Cotidiano

Svetlana Alexievich: "A Humanidade não estava pronta"

PARATY – As fortes histórias presentes nos livros da bielorrussa Svetlana Alexievich foram trazidas para a Festa Literária Internacional de Paraty (Flip) pela própria autora, no início da noite deste sábado, para uma Tenda dos Autores lotada. O impacto foi percebido pelo silêncio e certo desconforto do público ao ouvir a autora narrando algumas das histórias que ela coletou para seus trabalhos.

Curador da Flip, Paulo Werneck abriu a mesa fazendo uma homenagem a Boris Schnaiderman, reconhecidíssimo tradutor do russo para o português, que morreu em maio, aos 99 anos. Na sequência, coube ao jornalista Paulo Roberto Pires a tarefa de conduzir a conversa com a bielorrussa. Ele lembrou do caráter único de sua obra dentre os 114 vencedores do Nobel de Literatura. Laureada em 2015, Svetlana se tornou célebre por seus relatos de tragédias, narrados a partir das histórias de sobreviventes, testemunhas ou vítimas. No Brasil, dois de seus livros foram editados este ano: “Vozes de Tchernóbil” e “A guerra não tem rosto de mulher?” (ambas pela Companhia das Letras).

Ela explicou a origem de seu desejo por fazer a literatura que faz.

– Fui criada num aldeia na Bielorrússia em que só viviam mulheres, porque após a guerra não sobreviveram homens. Me lembro de ouvir nas ruas as conversas daquelas mulheres, elas contavam como haviam se despedido de seus maridos. Isso era muito forte e me marcou pelo resto da vida – disse.

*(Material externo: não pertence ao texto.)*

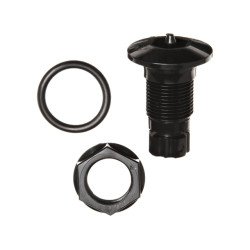 PS512P Prep-Air II Filter Part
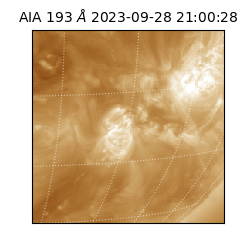 saia - 2023-09-28T21:00:28.844000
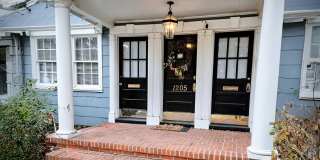 1205 West Palmetto Street - D Gallery 1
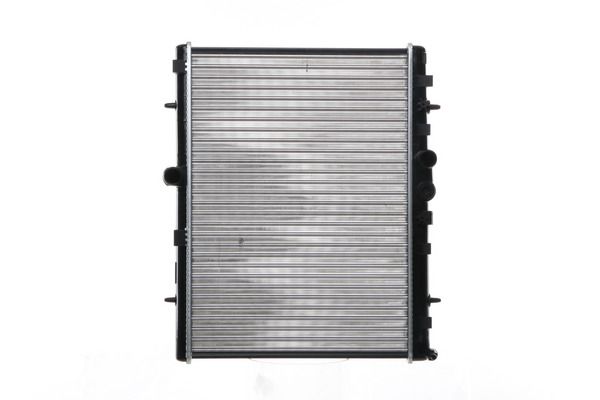 MAHLE CR2014000S Engine Cooling Radiator. OEM-quality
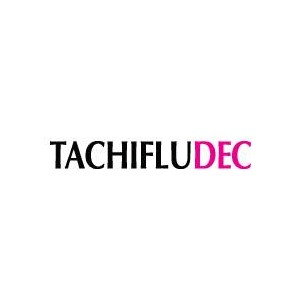 Tachifludec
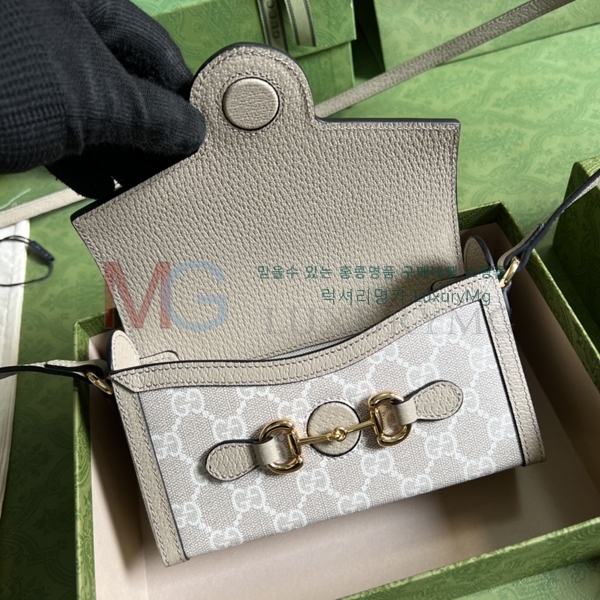 ���� Ȧ���� 1955 �̴� ����� 699296-A-1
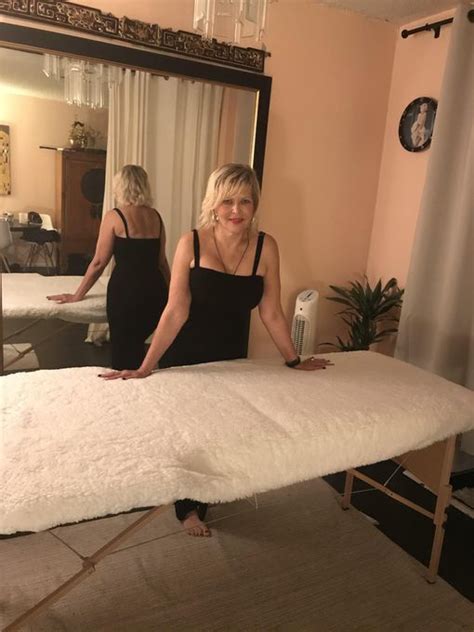 Full Body Sensual Massage Find a prostitute Vrutky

Svetlana lembrou, então, que estudou e trabalhou como jornalista, mas diferencia sua escrita do que sai nos jornais, para ela fontes de “informações mais banais e superficiais”. Ela diz não fazer entrevistas. Seu método, explicou, é buscar ouvir verdadeiramente as pessoas.

Paulo Roberto Pires quis saber, então, como ela consegue a confiança de seus interlocutores para alcançar relatos tão íntimos como os que estão em seus livros.

– Eu sempre valorizo essa entonação de amizade que estou usando aqui. Não me importa ter recebido prêmios. Converso sobre a vida normalmente – afirmou.

O tema das tragédias ambientais foi introduzido na mesa com a lembrança de que Paraty fica próxima a uma usina nuclear, como a Tchernóbil que inspirou um dos livros mais célebres de Svetlana. A escritora contou que foi à usina pouco depois da tragédia, em 1986.

– Eu queria ver aquele tipo de desastre novo. Um taxista me contou que os pássaros perderam a orientação e batiam nas janelas dos carros. Eu descobri que as folhas das árvores foram queimadas pela explosão, e os restos foram enterrados fora da cidade – disse. – A Humanidade não estava pronta para o que aconteceu.

Desgastada pelo sofrimento de tanta violência e barbaridade que já encontrou, Svetlana afirmou que nunca mais vai escrever um livro sobre guerra. Seu novo projeto, já em andamento, será sobre a única cura possível para a vida, segundo a escritora: o amor.

– Nem fui para Chechênia porque acho que não aguentaria mais ver homens mortos por outros homens. Acho que eu já disse tudo que queria dizer sobre guerra – disse Svetlana, que lembrou a história de uma personagem que cuidou de seu marido, já quase em estado vegetativo, até o fim da vida – Se não abordasse o amor ali, acho que ninguém conseguiria ler um parágrafo do livro. Essas heroínas do meu livro amavam muito e tinham forças surreais, elas foram acima de todas expectativas que eu tinha de literatura antes.

Além do amor, a escritora também destacou o peculiar humor russo, baseado em muito sarcasmo, mesmo em momentos de crise. Esse humor, para ela, seria resultado de uma cultura bélica inerente ao povo.

— Para sobreviver, o russo tem que lutar — disse Svetlana.

Apesar de ter sofrido com a censura estatal, e ter morado fora de seu país por anos devido à perseguição política, a bielorrussa falou, porém, que em muitos momentos a relação com o poder é mais fácil que a relação com o povo. Ela citou o presidente russo, Vladimir Putin, e o presidente bielorrusso, Alexander Lukashenko.

– Quando um Putin discursa, quando um Lukashenko, nosso ditador bielorrusso, discursa, muita gente ouve. Já quando nós falamos poucos ouvem — contou.